省エネ・効率強化の5軸機も
ヤマザキマザックはこのほど、高速・高品質の摩擦攪拌接合(FSW)が可能な加工機「FSW-460V」を発表した。ほぼ同時期に、環境性能と生産性を強化した5軸加工機と横形マシニングセンタの新機種も相次ぎ発表。いずれも11月8日から東京ビッグサイトで開かれるJIMTOFで披露し、同日から国内販売を開始する。
FSW-460Vは、FSW加工時の高い負荷に耐えられる新開発の高回転・高剛性主軸を搭載。高速送りに対応できる独自の特殊形状ツールも採用し、従来機と比べ数倍の高速接合を可能にする。ツールホルダをIoTセンサ内蔵としたことで接合時に一定の推力を保持。ツールの折損を検知する機能も搭載し、品質の高いFSW加工を実現する。ツールホルダの自動交換機能によって長時間の連続接合にも対応。モータケースなどEV部品の量産ニーズに向け提案する。

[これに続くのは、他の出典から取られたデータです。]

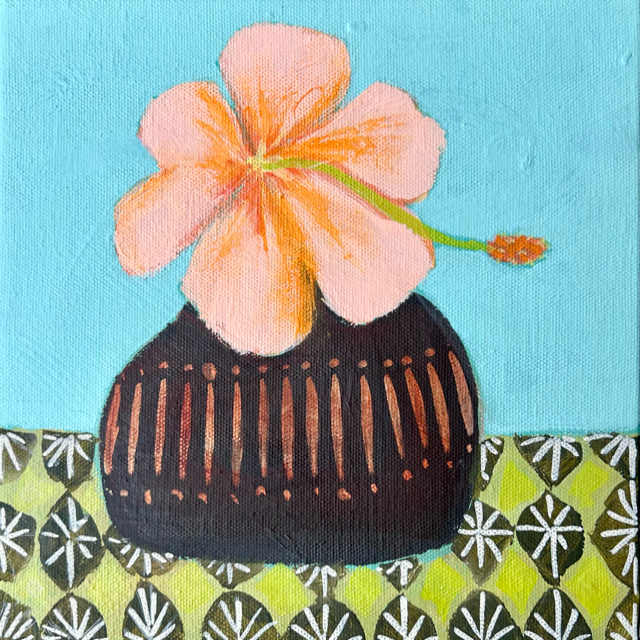 Hibiscus - Sue Fantini Art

一方、ベストセラーモデルのVARIAXISシリーズに加わる同時5軸加工機「VARIAXIS i-700 NEO」は、切削能力を上げた新型主軸をオプションのラインアップに追加。アルミニウムなど非鉄金属から鉄系金属の重切削まで幅広い加工に対応する。NC装置の加工条件設定機能に「大荒加工モード」と「平面仕上げ加工モード」の2つのモードを追加し、従来機と比べ荒加工時の加工スピードと仕上げ面の品位を向上。メンテナンスエリアを含むフロアスペースを従来機種比13%削減し、新たに省スペース型の2パレットチェンジャ(オプション)を採用するなどコンパクトな自動化システムを構築できる。
機械の消費電力は従来機種比で最大30%低減。オプションでクーラントの吐出量を調整する機能を追加し、切削量に合わせてクーラント動作を最適化することで省エネ運転を可能にする。半導体製造装置のほか、自動車部品や航空機部品など様々な分野の複雑形状の部品加工に向け提案する。
同時に市場投入する横形マシニングセンタ「HCN-4000 NEO/HCN-5000 NEO」は、油圧ユニットやチラーユニットなど周辺機器の性能を見直すことで消費電力を削減。切削量に合わせてクーラント動作を最適化する機能をオプションで用意し、消費電力を従来機と比べ46%(HCN-5000 NEO)低減する。NCロータリーテーブルを標準搭載し、テーブルの割り出し時間を短縮するなど生産の効率化に貢献する。
販売価格はFSW-460V が2930万円、VARIAXIS i-700 NEOが4930万円、HCN-4000 NEOが3650万円、HCN-5000 NEOが3970万円から(いずれも税別)。